Dönitz provavelmente deveria ter sido enforcado como criminoso de guerra, por ter proibido o resgate de tripulações de navios de guerra afundados. Foi um dos erros de Nuremberg, junto com a não condenação de Speer à morte.
As reticências de Churchill em por fim ao governo nazista fantasma de Flensburg poderiam muito bem estar relacionadas às intenções, não concretizadas, de lançar um ataque militar contra a União Soviética, ainda em 1945, usando as forças aliadas ocidentais em aliança com o que sobrara da wehrmacht, no que ficou conhecido como Operação Unthinkable (impensável), pois os militares britânicos desde o início perceberam o absurdo da idéia.
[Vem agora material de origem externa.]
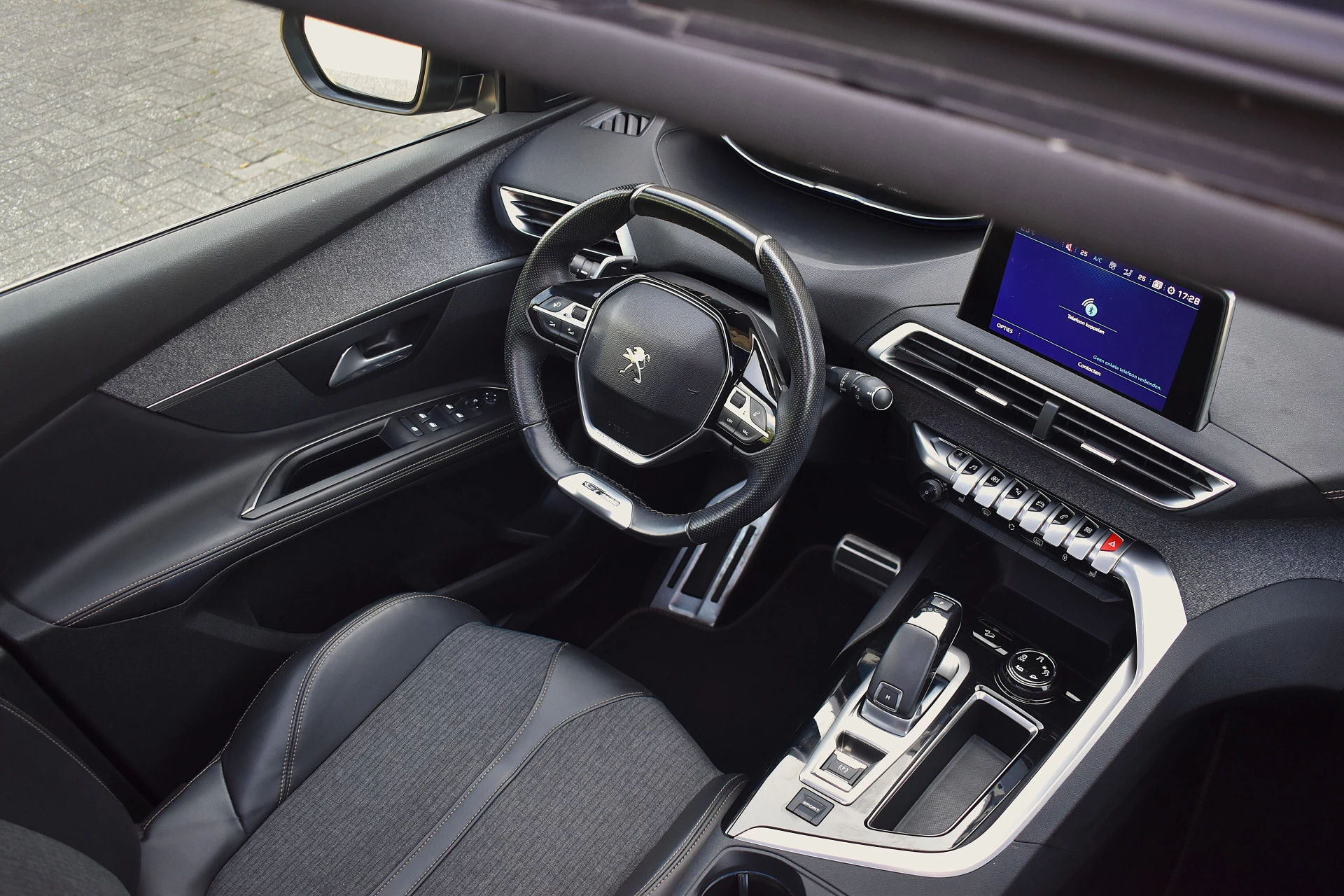Hoofdafbeelding Peugeot 5008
Vê-se, assim, que as desconfianças soviéticas tinham fundamento:
http://en.wikipedia.org/wiki/Operation_Unthinkable
Realmente, essa interpretação de que Churchill apoiava Dönitz porque pretendia utilizar a Wehrmacht num ataque à URSS é bem plausível e diria até que seja o principal motivo. Em relação ao barbarismo da luta na Frente Oriental, ela ocorreu porque o combate foi puramente ideológico, tipo fascistas opressores x comunistas sub-humanos. Mas se você ler um outro artigo aqui no blog, verificará que enquanto evoluía a Operação Barbarossa, os soviéticos apoiaram os nazistas e os alemães dispensaram um tratamento mais digno à população não-judia em alguns casos. A coisa acabou em barbarismo quando a força dos partisans começou a provocar perdas significativas na Wehrmacht e na Waffen-SS. Em relação ao enforcamento, em minha opinião, o único seria Hitler, já que era o líder absoluto. Alguns mereciam prisão perpétua, como Goebbels e Himmler e outros, pelo fato de apenas obedecerem ordens como Keitel, Jodl e Dönitz deveriam pegar uns 10 ou 20 anos de cadeia.